Est-ce que l’art du compromis a toujours du bon ?

Obama, Merkel et Sarkozy subissent tous en ce moment de mauvais sondages.
Ils ont en commun d’avoir beaucoup , beaucoup trop ? compromisé !
Le premier, avec les banquiers, la seconde avec les grecs et le nucléaire, le troisième , avec ses réformes .

Pour beaucoup, surtout, en France, l’art du compromis est un signe de bonne éducation.
Je demande 100, tu m’accordes 50 et tout le monde est content.
Et si finalement , personne n’était content ?
Parce que 50 accordés sans raison , au seul motif de couper la poire en deux et de se débarrasser du problème, c’est 50 de perdu !
Parce que 50 reçus , quand le quémandeur estimait juste et fondée sa revendication de 100, est une mauvaise réponse !
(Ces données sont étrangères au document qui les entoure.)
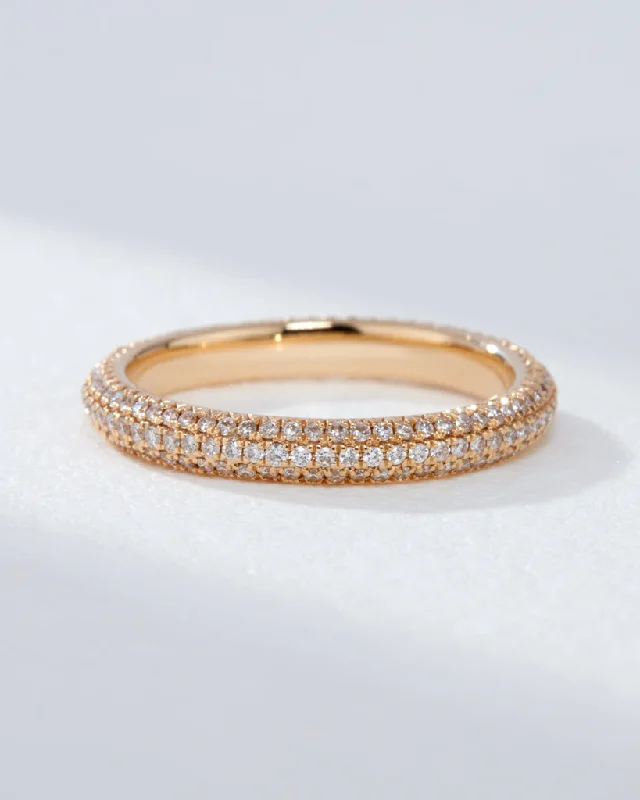 The Super Shimmer Diamond Band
Qu’est ce qui nous pousse ainsi à toujours nous compromettre ?
On se compromet quand on accorde 50, alors qu’on est convaincu qu’il ne fallait pas les donner .
On se compromet quand on accepte 50 alors qu’on est convaincu que l’affaire valait bien 100 et rien de moins.
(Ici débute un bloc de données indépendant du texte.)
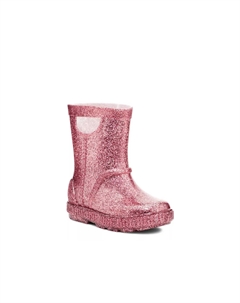 Резиновые сапоги - детские, Light Pink Ugg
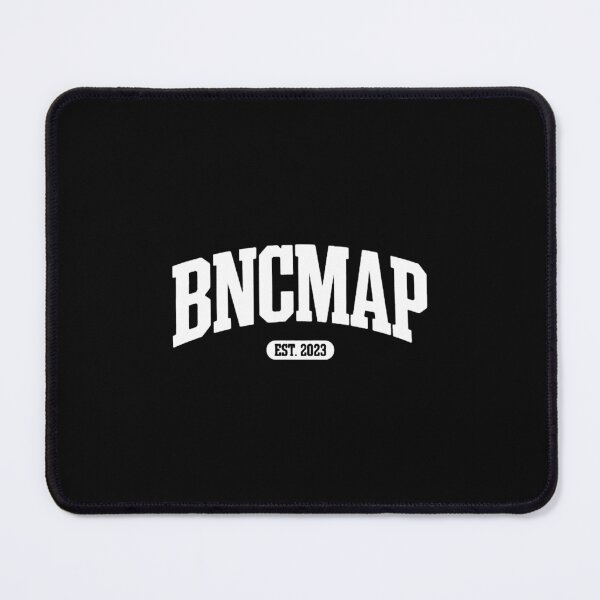 Item preview, Bncmap designed and sold by kathleenmatth.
Les grands comprometteurs ont pourtant laissé de mauvais souvenirs dans l’histoire de France
. Vercingétorix en fut un et plus tard Pétain : en faisant don de sa personne à la France et celle-ci , en l’acceptant, ils ont , ensemble, passé un bien mauvais compromis !

Le Maréchal ne l’a pas du tout donnée et est mort dans son lit , quant à la France , elle a reçu en cadeau la honte et la cessation temporaire d’une bataille.

L’histoire , en revanche a retenu les noms de féroces anti comprometteurs , réels ou imaginaires : Roland , Jeanne d’Arc, Jeanne Hachette, Charles Martel, Churchill, Thatcher, de Gaulle.

La vie des entreprises bruisse d’incessants compromis : sur l’exactitude des horaires, sur la rigueur du travail effectué, sur la justification de telle ou telle prime, sur la sanction de telle ou telle faute , sur la promotion de tel ou tel talent !

Comment rendre justice sans tomber dans le compromis imbécile est toute la question.

Ainsi, un DRH doit il absolument refuser de donner 50, si ces 50 là sont sans objet , même si 5000 les demandent et donner 100, s’ils sont justifiés, même si ces 100 là sont revendiqués par tel ou tel syndicat, et même si, personne ne les réclame , parce que, en justice, ils sont dus !

Ainsi un président doit il conduire jusqu’au bout sa réforme des retraites s’il pense , chiffres et non seulement arguments à l’appui, que c’est la seule solution pour le pérenniser , même si tout le monde est , temporairement , contre lui !

Et les syndicats et les partis de gauche, ne rien accepter du tout, s’ils sont convaincus que la réforme proposée est 100% mauvaise, chiffres et non seulement arguments à l’appui.

Néanmoins, savoir concéder , si la concession est la seule voie intelligente pour progresser et qu’en même temps, elle préserve une certaine paix est sans doute préférable à l’entêtement dans une voie incertaine , garantissant une longue épreuve de force .

Tout est affaire de situation. Parfois il faut tenir et rien concéder , et parfois, il faut savoir concéder.
tout le problème est de bien identifier l’enjeu de la situation.